Using an OpenSearch Ingestion pipeline with Amazon Security Lake - Amazon OpenSearch Service
Services or capabilities described in Amazon Web Services documentation might vary by Region. To see the differences applicable to the China Regions, see Getting Started with Amazon Web Services in China (PDF).

Using an OpenSearch Ingestion pipeline with Amazon Security Lake

You can use the S3 source plugin to ingest data from Amazon Security Lake into your OpenSearch Ingestion pipeline. Security Lake automatically centralizes security data from Amazon environments, on-premises environments, and SaaS providers into a purpose-built data lake. You can create a subscription that replicates data from Security Lake to your OpenSearch Ingestion pipeline, which then writes it to your OpenSearch Service domain or OpenSearch Serverless collection.

To configure your pipeline to read from Security Lake, use the preconfigured Security Lake blueprint. The blueprint includes a default configuration for ingesting Open Cybersecurity Schema Framework (OCSF) parquet files from Security Lake. For more information, see Using blueprints to create a pipeline.


Before you create your OpenSearch Ingestion pipeline, perform the following steps:

  • Enable Security Lake.

  • Create a subscriber in Security Lake.

    • Choose the sources that you want to ingest into your pipeline.

    • For Subscriber credentials, add the ID of the Amazon Web Services account where you intend to create the pipeline. For the external ID, specify OpenSearchIngestion-{accountid}.

    • For Data access method, choose S3.

    • For Notification details, choose SQS queue.

When you create a subscriber, Security Lake automatically creates two inline permissions policies—one for S3 and one for SQS. The policies take the following format: AmazonSecurityLake-{12345}-S3 and AmazonSecurityLake-{12345}-SQS. To allow your pipeline to access the subscriber sources, you must associate the required permissions with your pipeline role.
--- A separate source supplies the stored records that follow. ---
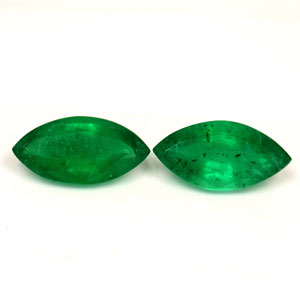 1.00 carat Marquise Emerald - Gemstone Thumbnail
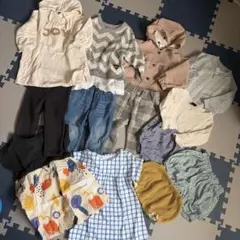 ベビー服　まとめ売り　80cm 西松屋　バースデー　ユニクロ　アウター　保育着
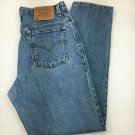 VTG Levis 550 Mom Jeans 12M High Rise 100 Percent Cotton Relaxed Fit Medium Wash
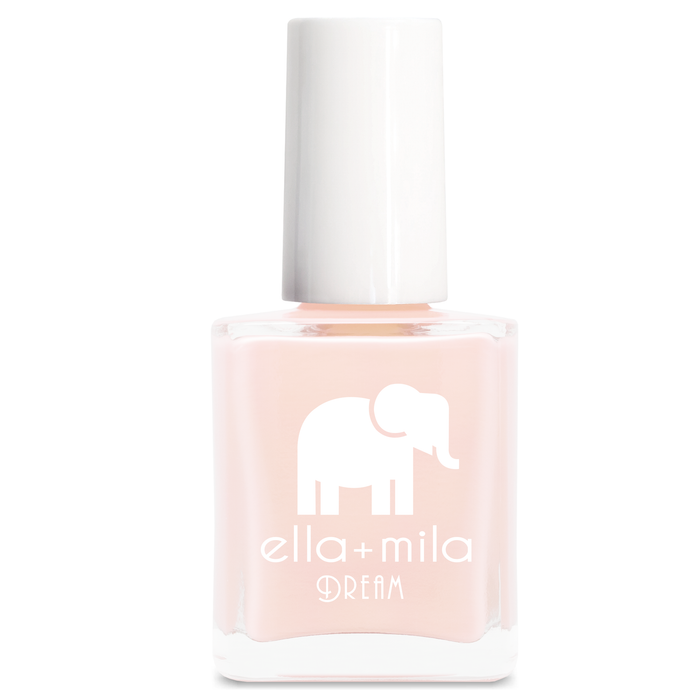 Pirouette warm nude pink nail polish bottle – ella+mila Dream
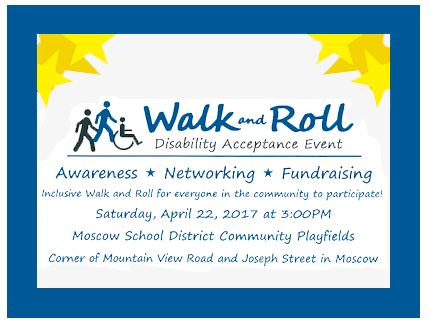 2017 Walk and Roll Disability Awareness Event.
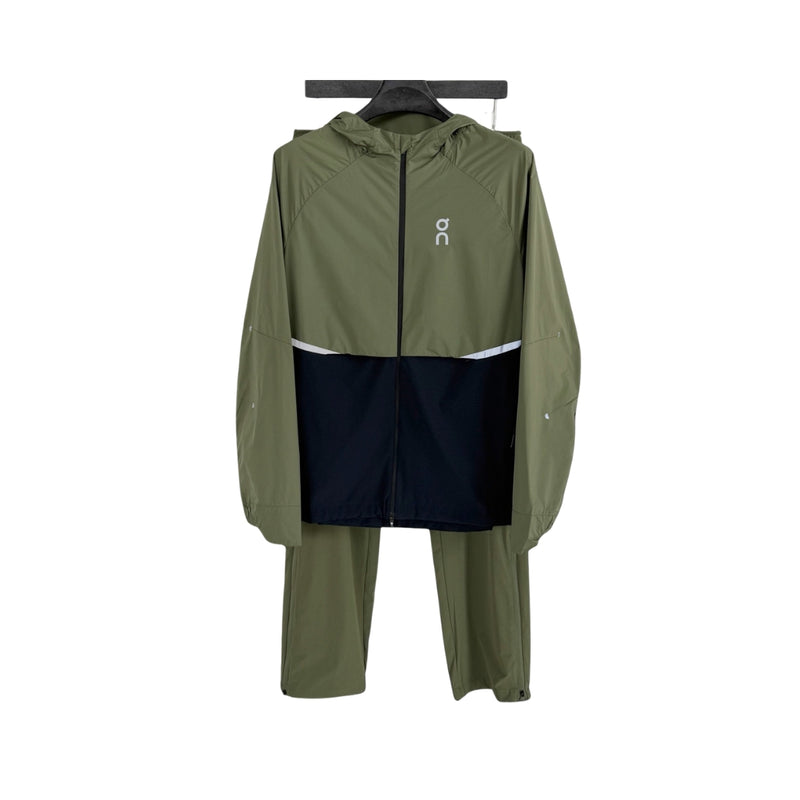On Cloud Core Jacket In Taiga Ed Eclipse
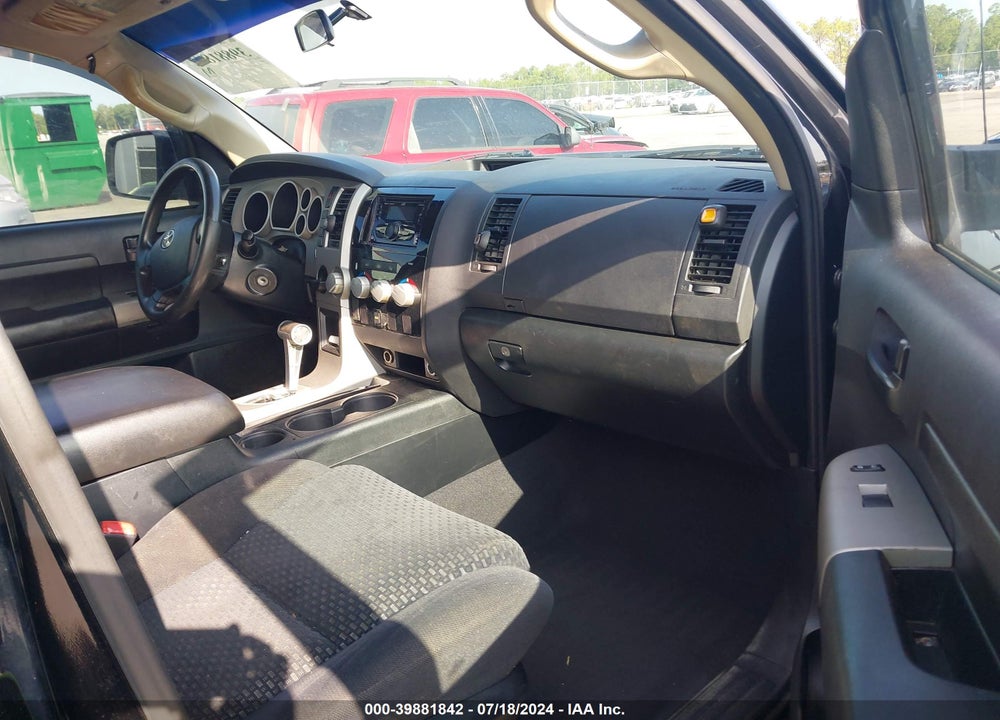 2009 TOYOTA TUNDRA GRADE 5.7L V8 VIN: 5TFRV54189X072321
Step 1: Configure the pipeline role

Create a new permissions policy in IAM that combines only the required permissions from the two policies that Security Lake automatically created. The following example policy shows the least privilege required for an OpenSearch Ingestion pipeline to read data from multiple Security Lake sources:

{ "Version":"2012-10-17", "Statement":[ { "Effect":"Allow", "Action":[ "s3:GetObject" ], "Resource":[ "arn:aws:s3:::aws-security-data-lake-{region}-abcde/aws/LAMBDA_EXECUTION/1.0/*", "arn:aws:s3:::aws-security-data-lake-{region}-abcde/aws/S3_DATA/1.0/*", "arn:aws:s3:::aws-security-data-lake-{region}-abcde/aws/VPC_FLOW/1.0/*", "arn:aws:s3:::aws-security-data-lake-{region}-abcde/aws/ROUTE53/1.0/*", "arn:aws:s3:::aws-security-data-lake-{region}-abcde/aws/SH_FINDINGS/1.0/*" ] }, { "Effect":"Allow", "Action":[ "sqs:ReceiveMessage", "sqs:DeleteMessage" ], "Resource":[ "arn:aws:sqs:{region}:{account-id}:AmazonSecurityLake-abcde-Main-Queue" ] } ] }

Security Lake doesn’t manage the pipeline role policy for you. If you add or remove sources from your Security Lake subscription, you must manually update the policy. Security Lake creates partitions for each log source, so you need to manually add or remove permissions in the pipeline role.

You must attach these permissions to the IAM role that you specify in the sts_role_arn option within the S3 source plugin configuration, under sqs.

version: "2" source: s3: ... sqs: queue_url: "https://sqs.{region}{account-id}/AmazonSecurityLake-abcde-Main-Queue" aws: ... sts_role_arn: arn:aws:iam::{account-id}:role/pipeline-role processor: ... sink: - opensearch: ...

Step 2: Create the pipeline

After you add the permissions to the pipeline role, use the preconfigured S3 blueprint to create the pipeline. For more information, see Using blueprints to create a pipeline.

You must specify the queue_url option within the s3 source configuration, which is the Amazon SQS queue URL to read from. To format the URL, locate the Subscription endpoint in the subscriber configuration and change arn:aws: to https://. For example, https://sqs.{region}{account-id}/AmazonSecurityLake-abdcef-Main-Queue.

The sts_role_arn that you specify within the S3 source configuration must be the ARN of the pipeline role.